++++ Listed entries ++++
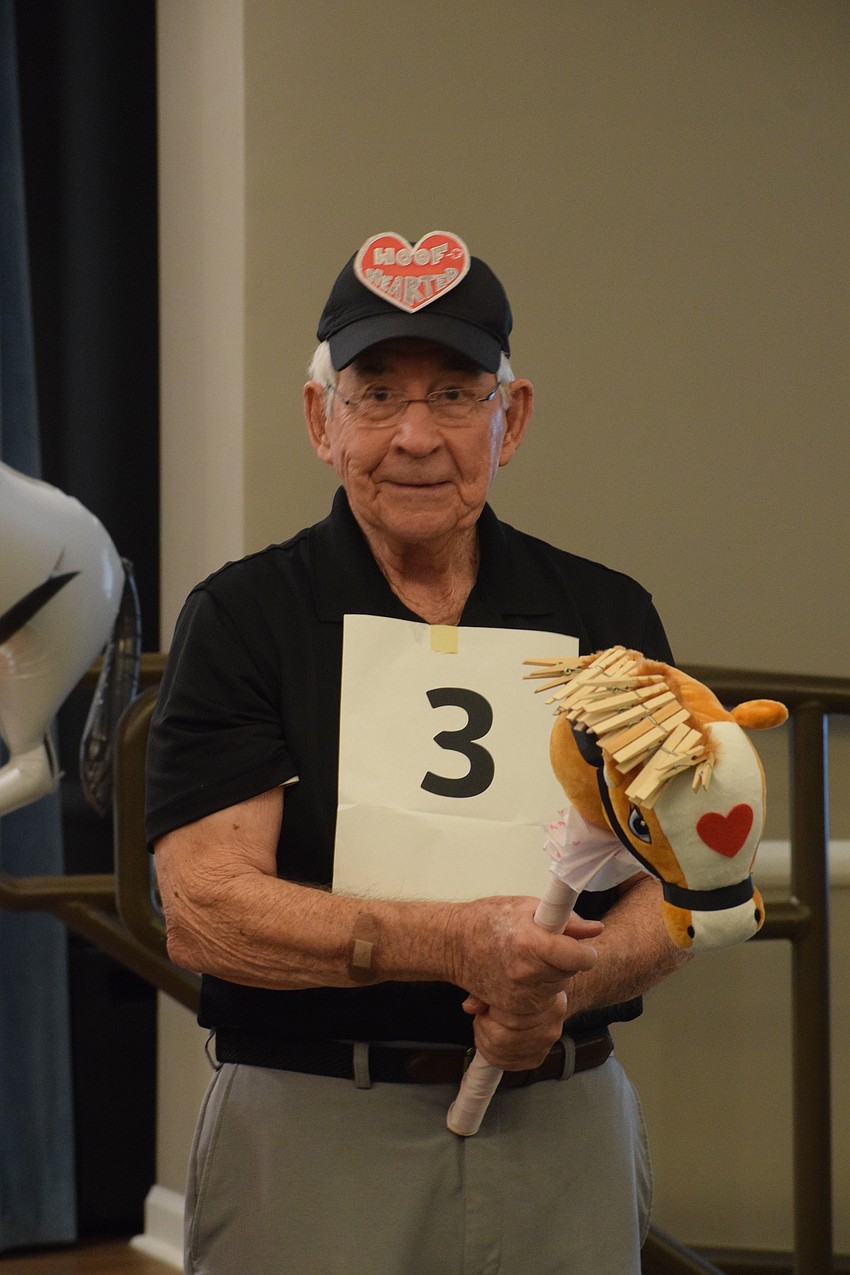 Grand Living at Lakewood Ranch's Jack Bachtell gets the most laughs with his horse's name, Hoof Hearted.
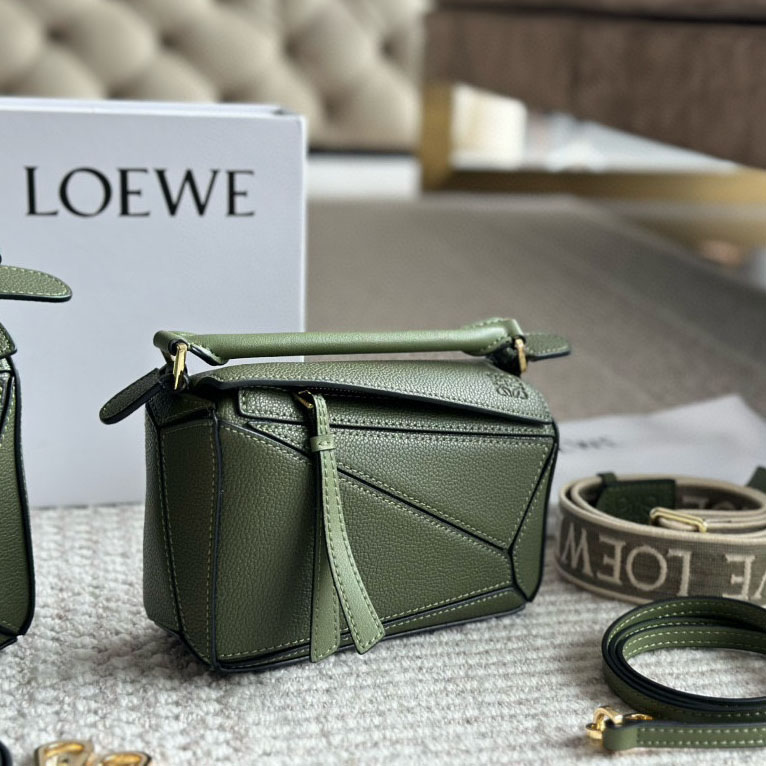 Puzzle bag in soft grained calfskin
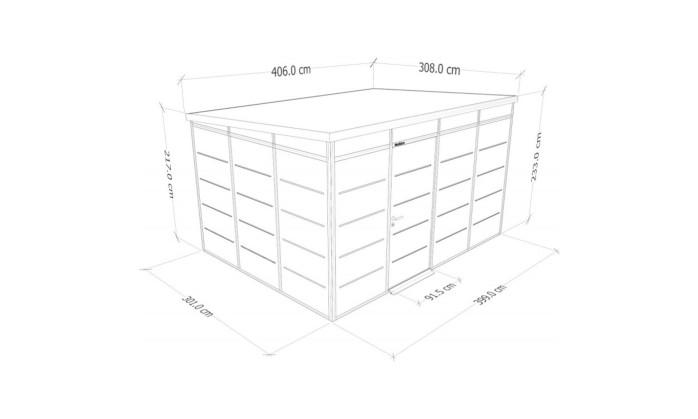 Abri de jardin modulaire isolé 4x3m anthracite et noir - EVERBOX
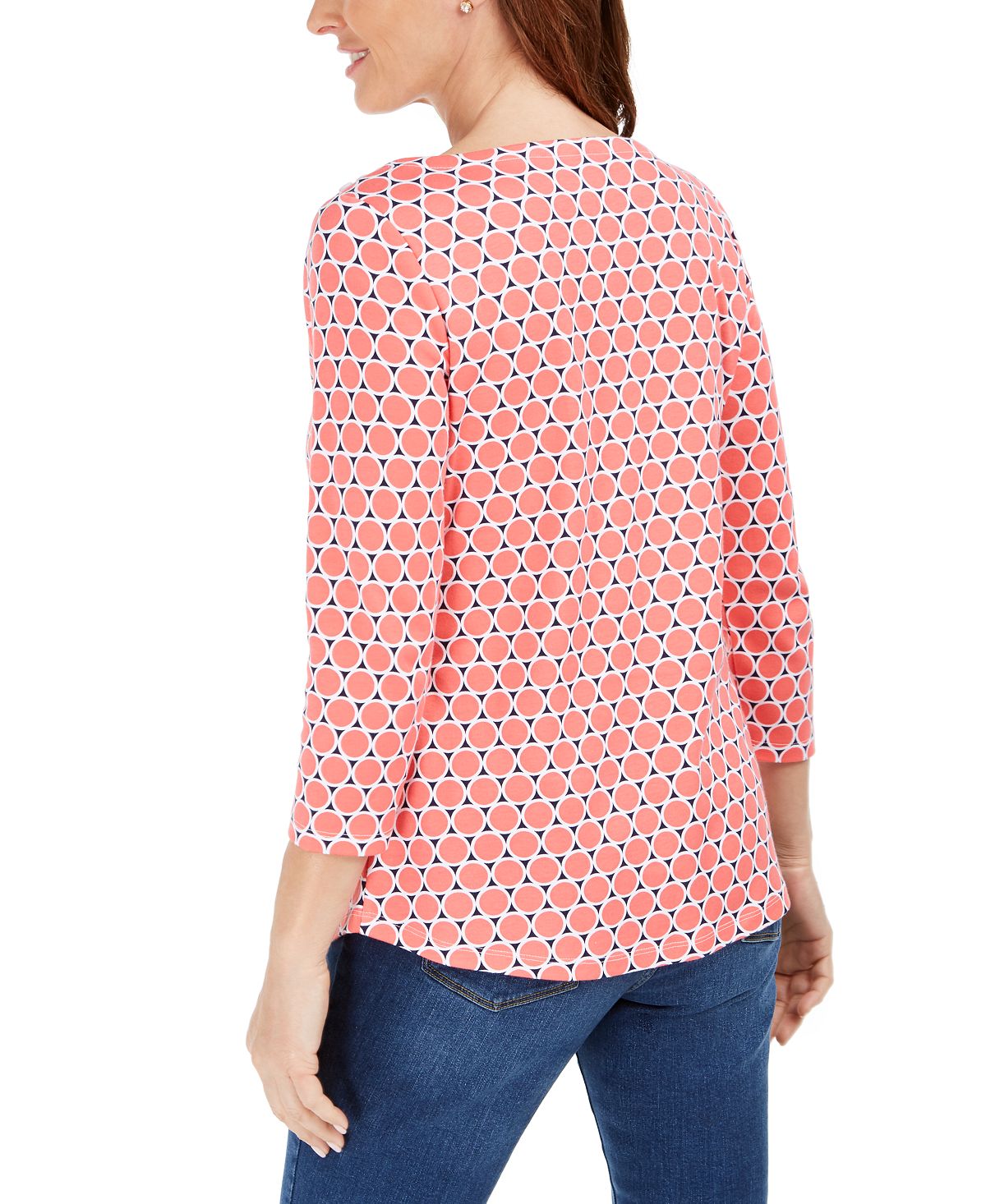 Camiseta feminina estampada de algodão Charter Club, laranja, tamanho XS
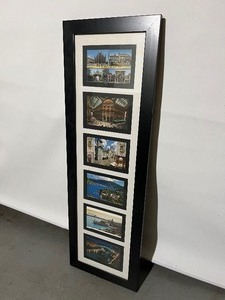 lot 195 image: 6 Pictured Frame - Great for Family Friends Photos - Clean Black Frame (Stock travel photos currently in) 16 x 36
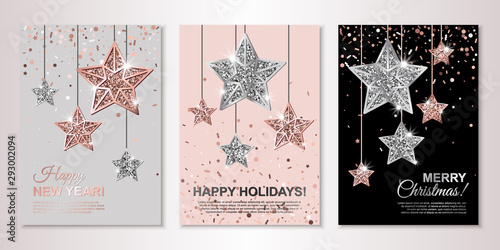 Banners set of three sheets with hanging rose gold and silver stars. Vector flyer design templates for invitations, brochure design, certificates. All isolated and layered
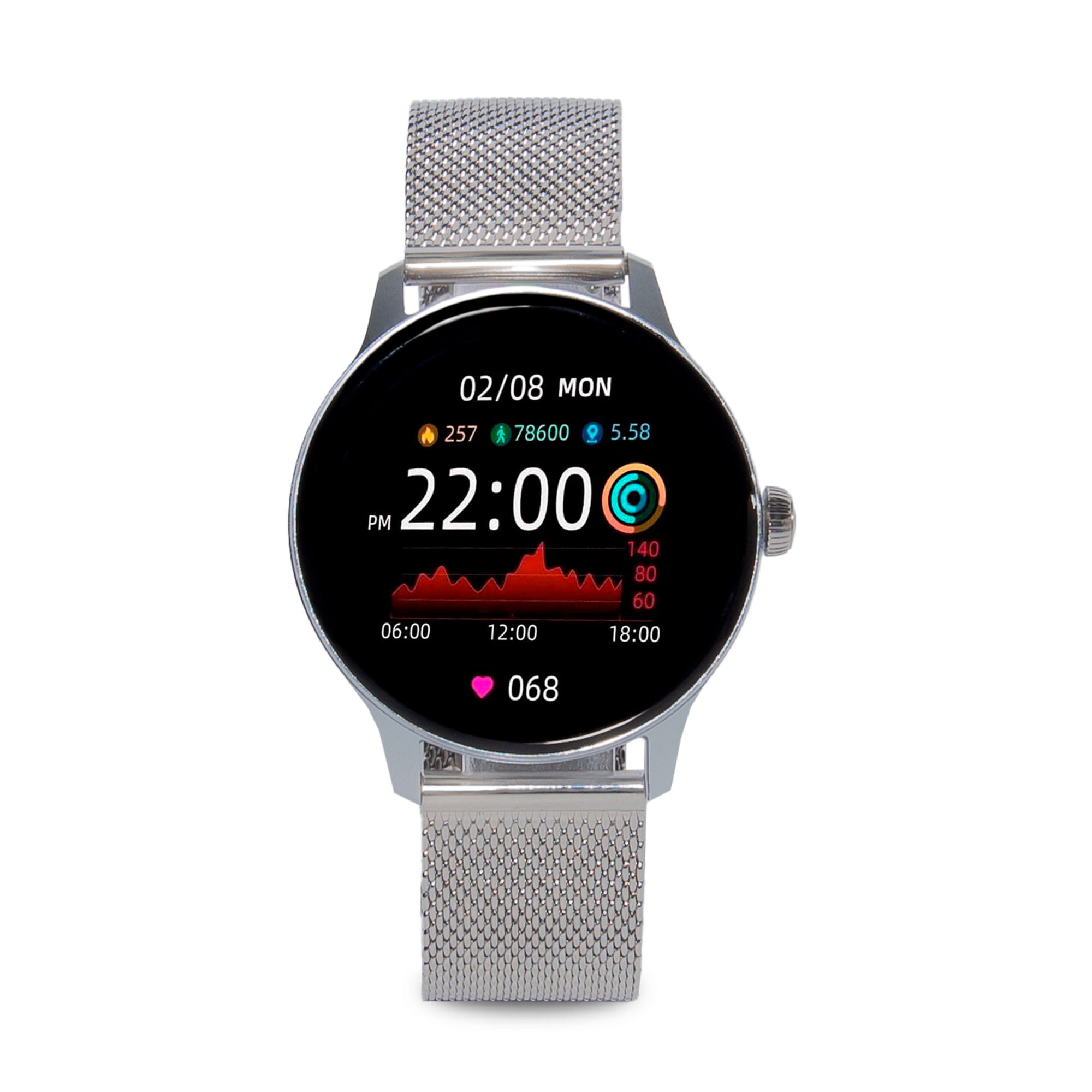 Smartwatch SmartTime SR06 pantalla 37mm/LTPO OLED, sensores de salud y deportivos, llamadas bluetooth, batería hasta 12 horas, plateado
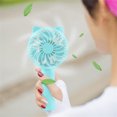 thumbnail image 2 of LYCAQL Handheld Mini Fan Portable USB Rechargeable Small Hand Held Fan with Base Personal Desk Fan Super Compact Cooling Fan for Makeup, Home, Office, Travel, and Outdoor Activities, 2 of 5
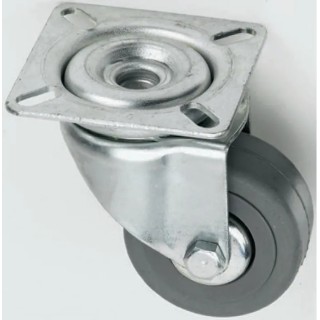 Tente Industrial Swivel Castor with 75 kg Load Capacity, 100 mm Rubber Wheel, Roller Bearing Hub 3360PVR100P62PAF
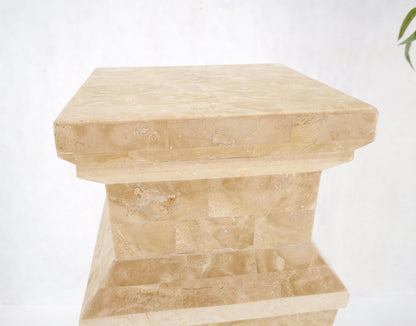 EstablishedLines Mid Century Tessellated Stone Inlay Square Tapered Shape Decorative Pedestal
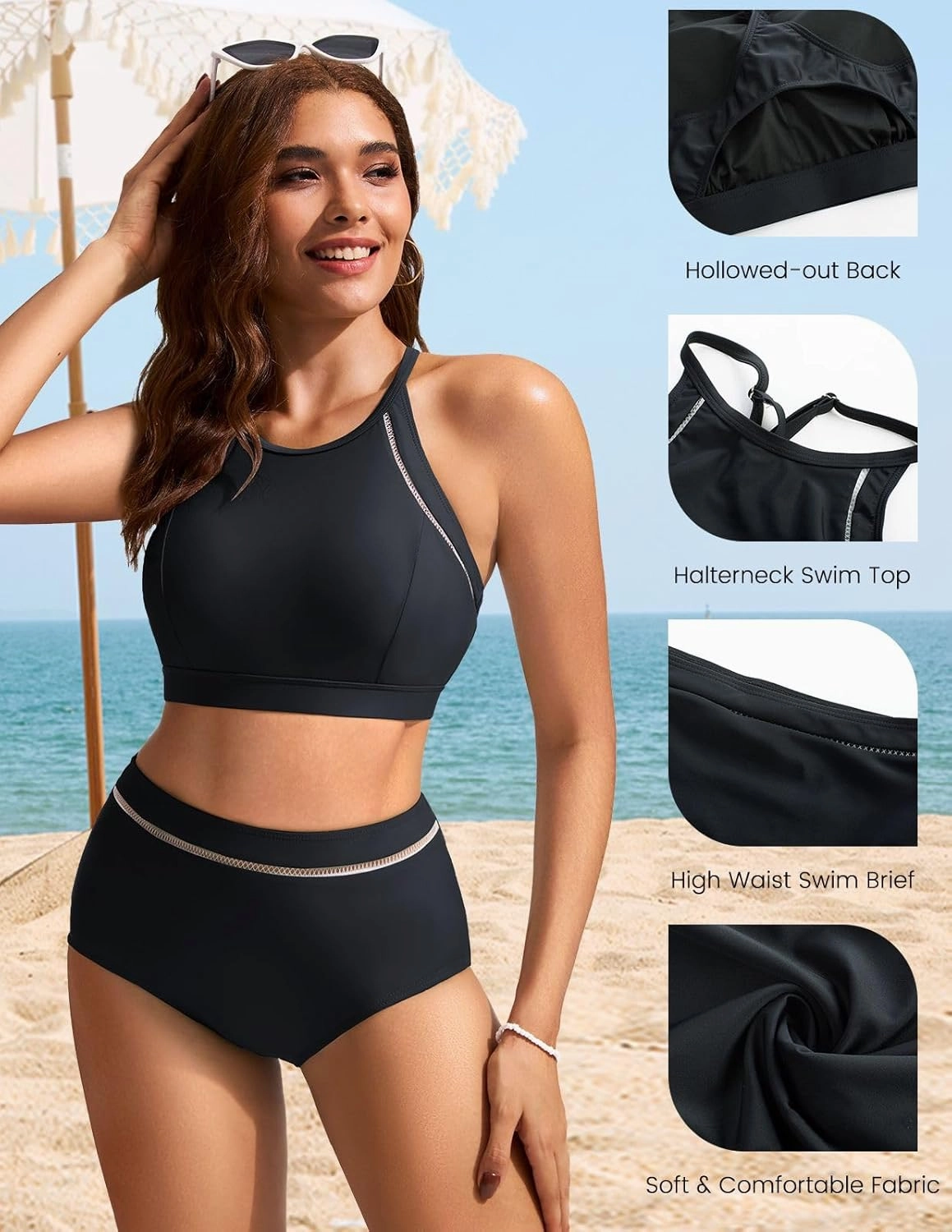 Kate Kasin Women's High Waisted Bikini Sets Sporty Two Piece High Neck Swimsuits Bathing Suit 2024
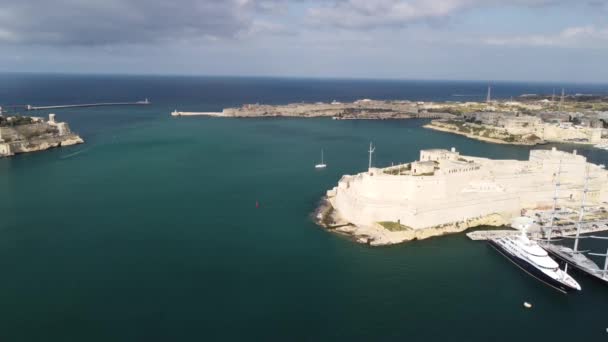 Flygfoto Över Senglea Antika Stadsbilden Malta — Stockvideo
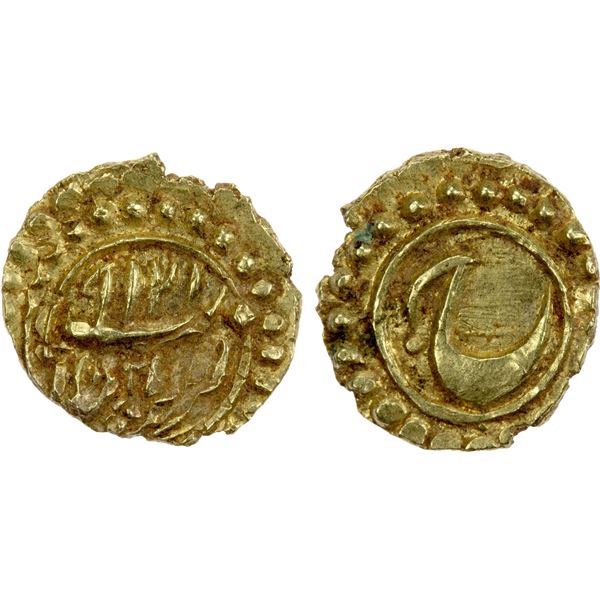 MYSORE: Tipu Sultan, 1782-1799, AV fanam (0.38g), Patan, AM1219, Unc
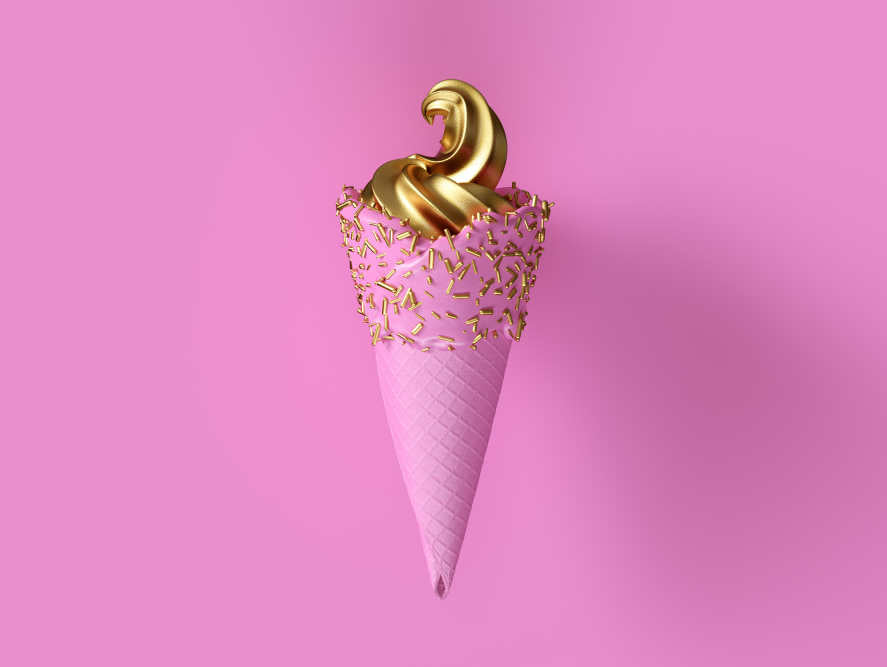 Image by 80s Child via Shutterstock - Can you Eat gold? Pink Ice Cream with Gold leaf Ice Cream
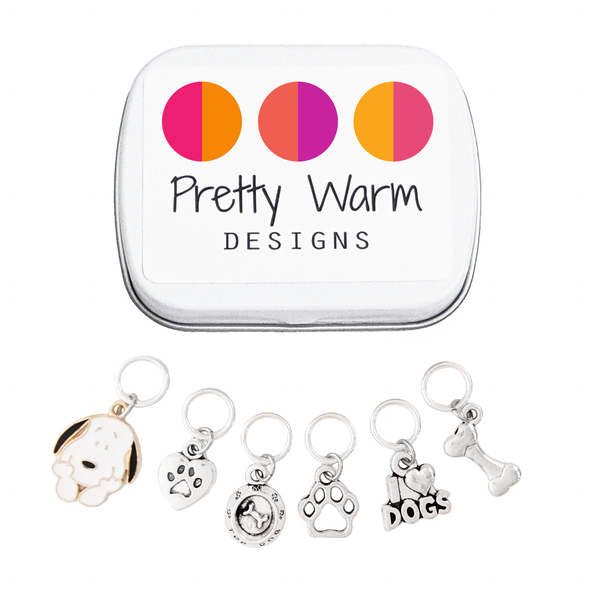 Set of six dog themed charms snag free ring stitch markers with tin for knitting by Pretty Warm Designs - Beagle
++++
# [Work instructions]
Copy word for word the lines of the records above from the one with "Camiseta feminina estampada" up to and including the one with "Banners set of". Skip the pictures.

# [Response to this exercise]
 Camiseta feminina estampada de algodão Charter Club, laranja, tamanho XS
 lot 195 image: 6 Pictured Frame - Great for Family Friends Photos - Clean Black Frame (Stock travel photos currently in) 16 x 36
 Banners set of three sheets with hanging rose gold and silver stars. Vector flyer design templates for invitations, brochure design, certificates. All isolated and layered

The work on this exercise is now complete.